**WORK INSTRUCTIONS**. For the lines from the one with "Engine bonnet/hood hinges" to the end of the listing below, both ends included, give an exact copy and nothing more. Do not copy pictures.

**SUPPLIED RECORDS**.
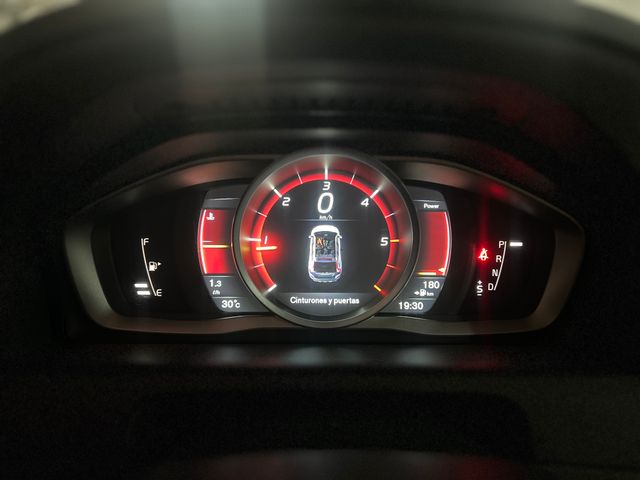 Volvo XC60 D4 SÚMMUM GARANTÍA PREMIUM 12 MESES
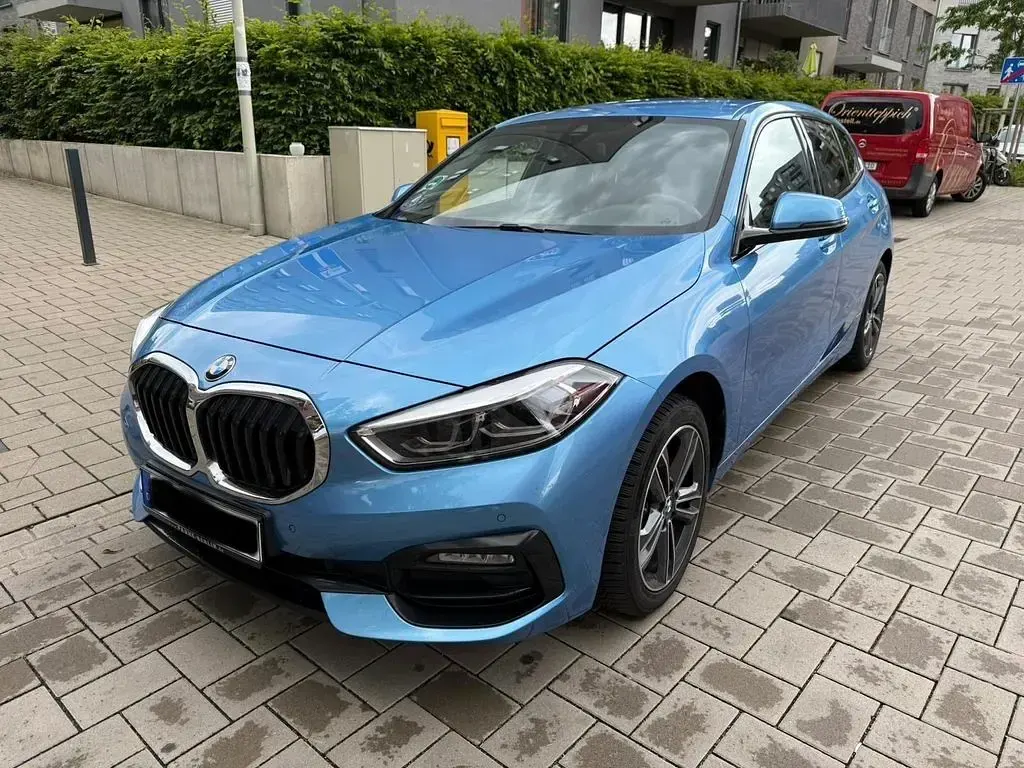 Gebraucht BMW 120 Sport Line 190 PS (139 kW) 2020 Blau Limousine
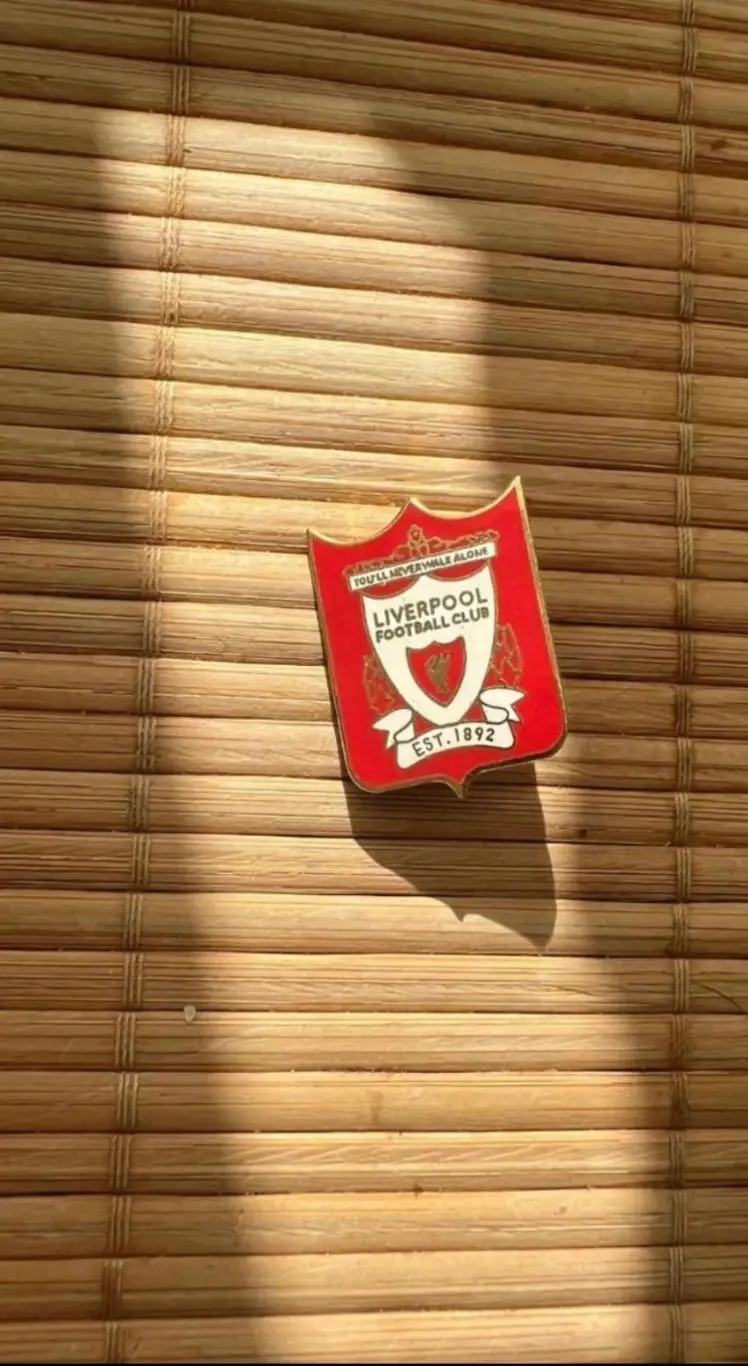 Знак значок Ливерпуль Англия 1992.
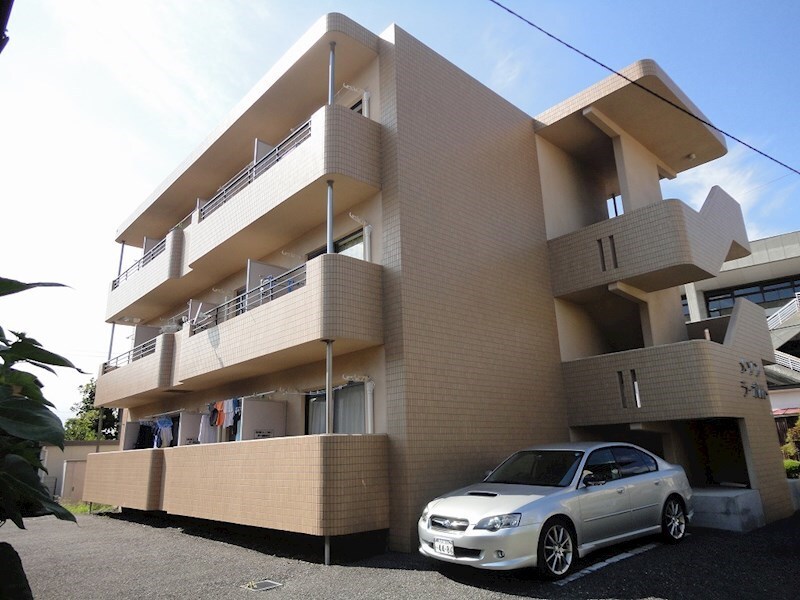 メゾン・ラ・ポルトの物件外観写真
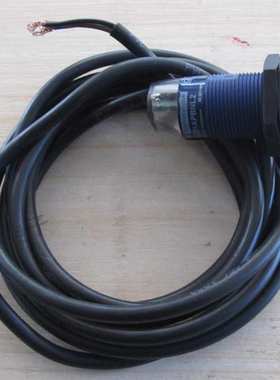 原装 SND圆柱型光电开关XUB1APBNL2 DC24V感应器 订货1周
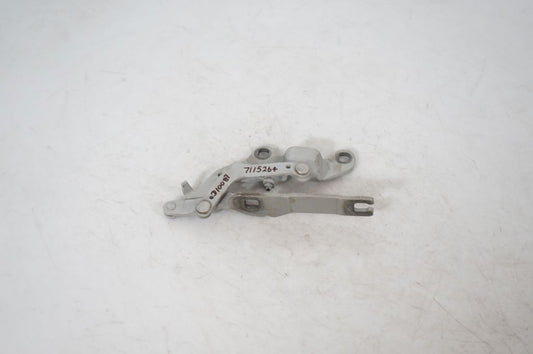 Engine bonnet/hood hinges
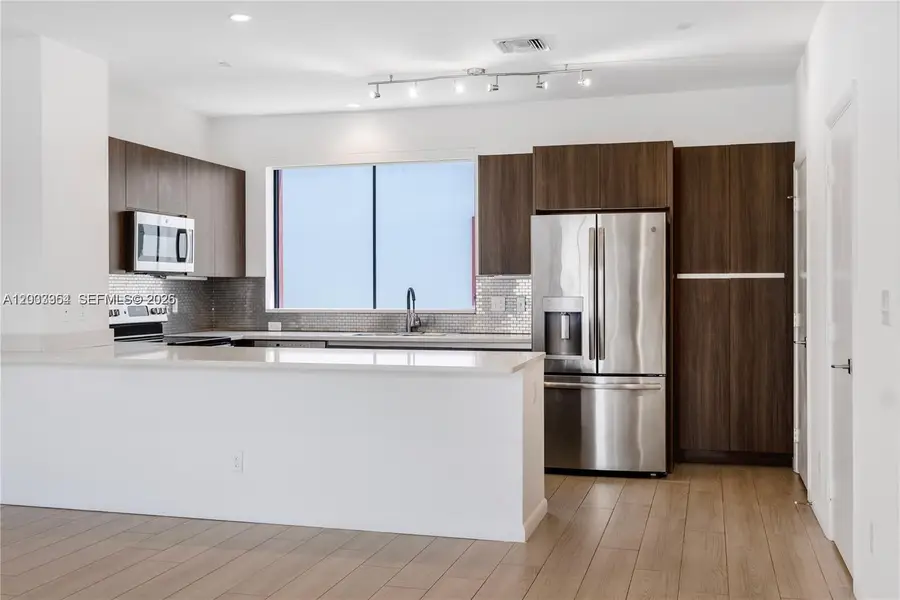 113 NE 6 #2125, Fort Lauderdale, FL 33304 - #2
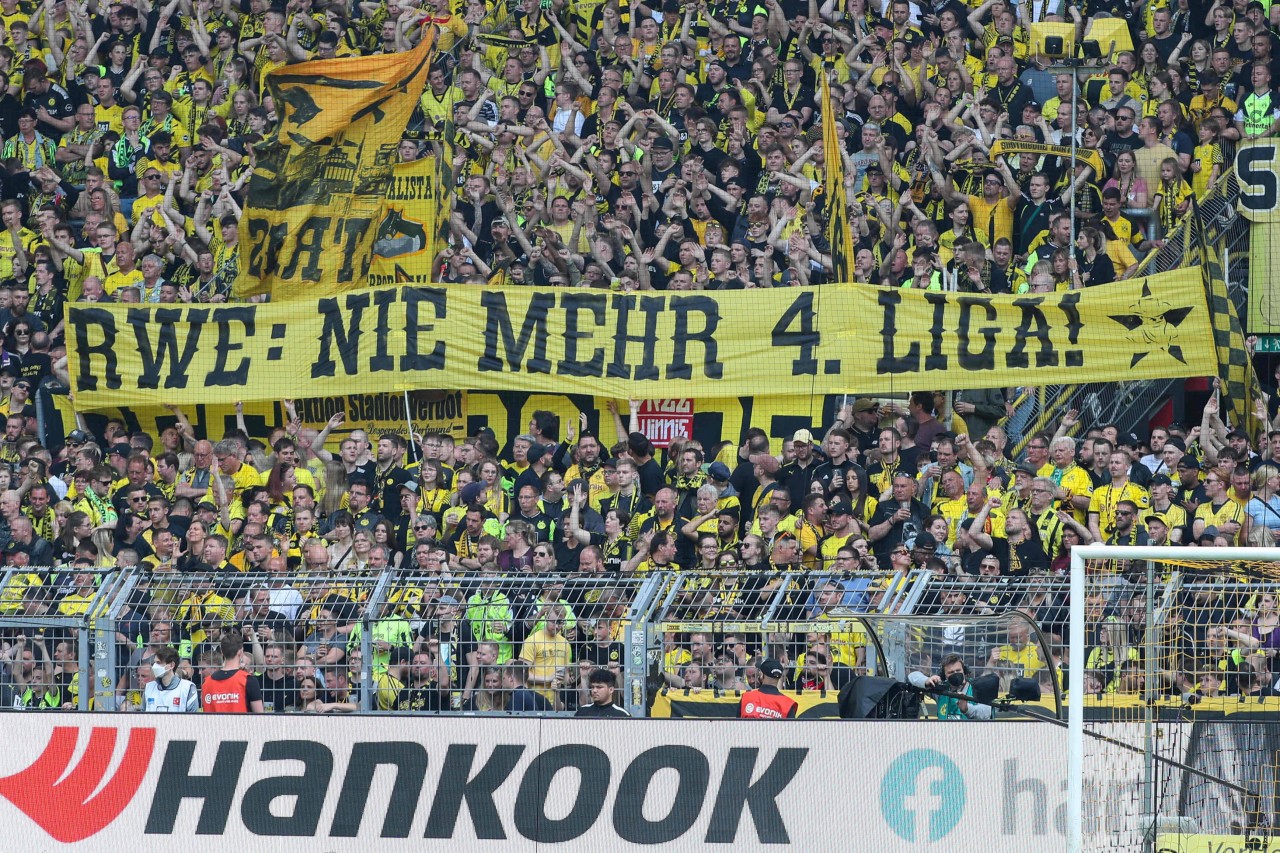 Während Borussia Dortmund sich am Samstag von vielen Spielern verabschiedete, durfte Rot Weiss Essen sich von der Regionalliga verabschieden.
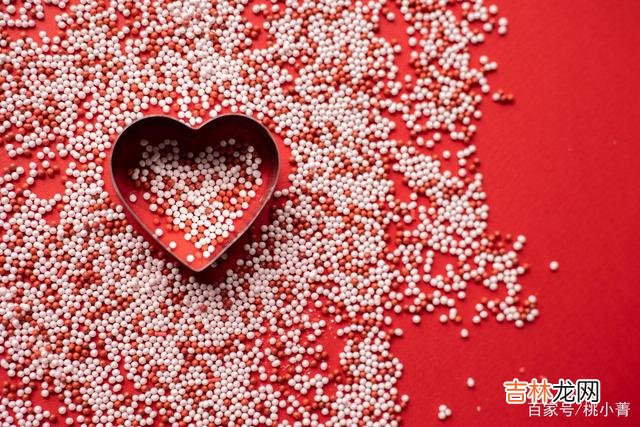 张小娴曾说:“孤独不是与生俱来的 放下执念,重新上路,幸福才有可能来到你身边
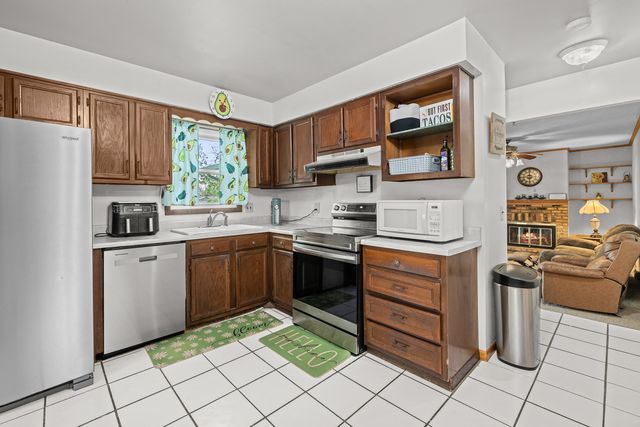 3005 N Pine Street, Davenport, IA 52804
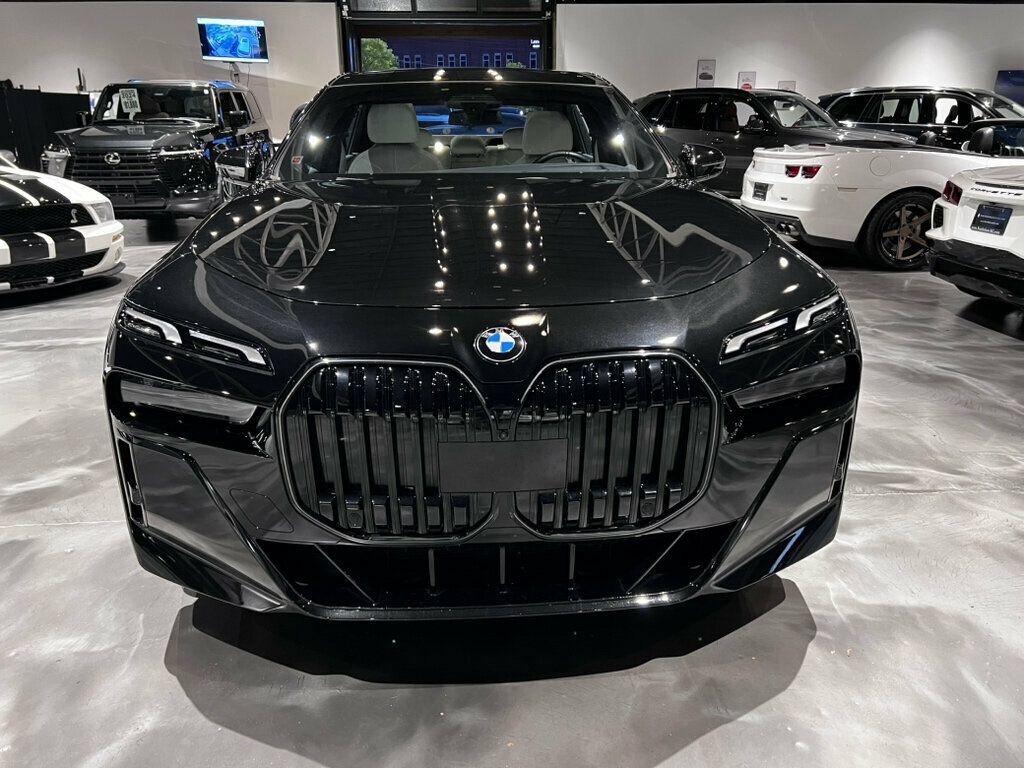 Used 2024 BMW 760i xDrive AWD/4WD image 8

**PROBLEM SOLUTION**.
 Engine bonnet/hood hinges
 113 NE 6 #2125, Fort Lauderdale, FL 33304 - #2
 Während Borussia Dortmund sich am Samstag von vielen Spielern verabschiedete, durfte Rot Weiss Essen sich von der Regionalliga verabschieden.
 张小娴曾说:“孤独不是与生俱来的 放下执念,重新上路,幸福才有可能来到你身边
 3005 N Pine Street, Davenport, IA 52804
 Used 2024 BMW 760i xDrive AWD/4WD image 8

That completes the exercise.